◆ **Description of the task**: In your reply, reproduce every line of the data without any alteration.
------------------------------------
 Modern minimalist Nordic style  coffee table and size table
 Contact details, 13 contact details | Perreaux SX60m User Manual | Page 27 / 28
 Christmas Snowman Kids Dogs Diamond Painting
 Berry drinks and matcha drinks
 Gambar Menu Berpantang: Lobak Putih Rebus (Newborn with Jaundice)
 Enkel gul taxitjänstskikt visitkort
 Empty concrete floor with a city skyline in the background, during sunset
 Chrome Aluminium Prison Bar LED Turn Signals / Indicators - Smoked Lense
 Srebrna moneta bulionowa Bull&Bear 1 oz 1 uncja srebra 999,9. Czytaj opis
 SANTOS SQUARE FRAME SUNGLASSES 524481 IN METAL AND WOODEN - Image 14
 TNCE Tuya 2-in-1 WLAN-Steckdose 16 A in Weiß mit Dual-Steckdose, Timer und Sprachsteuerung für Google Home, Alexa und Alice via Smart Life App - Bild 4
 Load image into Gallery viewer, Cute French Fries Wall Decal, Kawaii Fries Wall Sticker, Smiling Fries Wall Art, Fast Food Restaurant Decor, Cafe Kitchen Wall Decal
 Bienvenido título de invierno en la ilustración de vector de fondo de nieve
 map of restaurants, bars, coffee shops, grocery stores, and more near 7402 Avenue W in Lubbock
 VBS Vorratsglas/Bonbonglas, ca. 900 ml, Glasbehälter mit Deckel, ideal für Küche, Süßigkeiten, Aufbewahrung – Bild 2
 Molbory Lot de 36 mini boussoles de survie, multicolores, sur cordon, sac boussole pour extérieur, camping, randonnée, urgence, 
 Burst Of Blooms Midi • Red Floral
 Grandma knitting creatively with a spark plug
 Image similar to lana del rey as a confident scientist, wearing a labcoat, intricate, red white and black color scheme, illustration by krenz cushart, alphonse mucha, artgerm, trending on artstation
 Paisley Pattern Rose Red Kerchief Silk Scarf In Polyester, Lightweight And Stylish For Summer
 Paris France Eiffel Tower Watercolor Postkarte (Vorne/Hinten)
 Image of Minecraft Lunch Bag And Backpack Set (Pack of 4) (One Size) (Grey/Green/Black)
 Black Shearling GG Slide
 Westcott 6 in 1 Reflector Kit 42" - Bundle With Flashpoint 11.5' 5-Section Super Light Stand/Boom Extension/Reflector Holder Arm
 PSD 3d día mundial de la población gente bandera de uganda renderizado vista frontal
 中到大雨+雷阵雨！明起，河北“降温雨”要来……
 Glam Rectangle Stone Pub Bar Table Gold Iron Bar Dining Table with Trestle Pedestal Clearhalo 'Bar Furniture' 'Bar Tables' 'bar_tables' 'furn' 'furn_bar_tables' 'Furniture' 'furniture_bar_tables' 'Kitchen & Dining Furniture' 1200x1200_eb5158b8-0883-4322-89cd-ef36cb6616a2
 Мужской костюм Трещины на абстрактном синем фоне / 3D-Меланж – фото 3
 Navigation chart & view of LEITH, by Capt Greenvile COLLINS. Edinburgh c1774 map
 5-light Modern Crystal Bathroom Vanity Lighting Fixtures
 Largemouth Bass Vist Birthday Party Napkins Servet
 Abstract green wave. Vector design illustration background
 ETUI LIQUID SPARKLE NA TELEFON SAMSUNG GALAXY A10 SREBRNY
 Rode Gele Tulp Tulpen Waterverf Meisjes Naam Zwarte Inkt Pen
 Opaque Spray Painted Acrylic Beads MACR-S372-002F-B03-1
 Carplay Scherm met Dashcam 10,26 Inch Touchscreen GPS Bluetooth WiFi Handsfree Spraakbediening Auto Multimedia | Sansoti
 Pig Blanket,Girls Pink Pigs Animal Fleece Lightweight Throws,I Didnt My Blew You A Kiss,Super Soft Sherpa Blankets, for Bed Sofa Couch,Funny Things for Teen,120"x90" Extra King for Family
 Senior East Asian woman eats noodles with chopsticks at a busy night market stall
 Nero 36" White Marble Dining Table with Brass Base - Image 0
------------------------------------
◆ **Response for this exercise**:
 Modern minimalist Nordic style  coffee table and size table
 Contact details, 13 contact details | Perreaux SX60m User Manual | Page 27 / 28
 Christmas Snowman Kids Dogs Diamond Painting
 Berry drinks and matcha drinks
 Gambar Menu Berpantang: Lobak Putih Rebus (Newborn with Jaundice)
 Enkel gul taxitjänstskikt visitkort
 Empty concrete floor with a city skyline in the background, during sunset
 Chrome Aluminium Prison Bar LED Turn Signals / Indicators - Smoked Lense
 Srebrna moneta bulionowa Bull&Bear 1 oz 1 uncja srebra 999,9. Czytaj opis
 SANTOS SQUARE FRAME SUNGLASSES 524481 IN METAL AND WOODEN - Image 14
 TNCE Tuya 2-in-1 WLAN-Steckdose 16 A in Weiß mit Dual-Steckdose, Timer und Sprachsteuerung für Google Home, Alexa und Alice via Smart Life App - Bild 4
 Load image into Gallery viewer, Cute French Fries Wall Decal, Kawaii Fries Wall Sticker, Smiling Fries Wall Art, Fast Food Restaurant Decor, Cafe Kitchen Wall Decal
 Bienvenido título de invierno en la ilustración de vector de fondo de nieve
 map of restaurants, bars, coffee shops, grocery stores, and more near 7402 Avenue W in Lubbock
 VBS Vorratsglas/Bonbonglas, ca. 900 ml, Glasbehälter mit Deckel, ideal für Küche, Süßigkeiten, Aufbewahrung – Bild 2
 Molbory Lot de 36 mini boussoles de survie, multicolores, sur cordon, sac boussole pour extérieur, camping, randonnée, urgence, 
 Burst Of Blooms Midi • Red Floral
 Grandma knitting creatively with a spark plug
 Image similar to lana del rey as a confident scientist, wearing a labcoat, intricate, red white and black color scheme, illustration by krenz cushart, alphonse mucha, artgerm, trending on artstation
 Paisley Pattern Rose Red Kerchief Silk Scarf In Polyester, Lightweight And Stylish For Summer
 Paris France Eiffel Tower Watercolor Postkarte (Vorne/Hinten)
 Image of Minecraft Lunch Bag And Backpack Set (Pack of 4) (One Size) (Grey/Green/Black)
 Black Shearling GG Slide
 Westcott 6 in 1 Reflector Kit 42" - Bundle With Flashpoint 11.5' 5-Section Super Light Stand/Boom Extension/Reflector Holder Arm
 PSD 3d día mundial de la población gente bandera de uganda renderizado vista frontal
 中到大雨+雷阵雨！明起，河北“降温雨”要来……
 Glam Rectangle Stone Pub Bar Table Gold Iron Bar Dining Table with Trestle Pedestal Clearhalo 'Bar Furniture' 'Bar Tables' 'bar_tables' 'furn' 'furn_bar_tables' 'Furniture' 'furniture_bar_tables' 'Kitchen & Dining Furniture' 1200x1200_eb5158b8-0883-4322-89cd-ef36cb6616a2
 Мужской костюм Трещины на абстрактном синем фоне / 3D-Меланж – фото 3
 Navigation chart & view of LEITH, by Capt Greenvile COLLINS. Edinburgh c1774 map
 5-light Modern Crystal Bathroom Vanity Lighting Fixtures
 Largemouth Bass Vist Birthday Party Napkins Servet
 Abstract green wave. Vector design illustration background
 ETUI LIQUID SPARKLE NA TELEFON SAMSUNG GALAXY A10 SREBRNY
 Rode Gele Tulp Tulpen Waterverf Meisjes Naam Zwarte Inkt Pen
 Opaque Spray Painted Acrylic Beads MACR-S372-002F-B03-1
 Carplay Scherm met Dashcam 10,26 Inch Touchscreen GPS Bluetooth WiFi Handsfree Spraakbediening Auto Multimedia | Sansoti
 Pig Blanket,Girls Pink Pigs Animal Fleece Lightweight Throws,I Didnt My Blew You A Kiss,Super Soft Sherpa Blankets, for Bed Sofa Couch,Funny Things for Teen,120"x90" Extra King for Family
 Senior East Asian woman eats noodles with chopsticks at a busy night market stall
 Nero 36" White Marble Dining Table with Brass Base - Image 0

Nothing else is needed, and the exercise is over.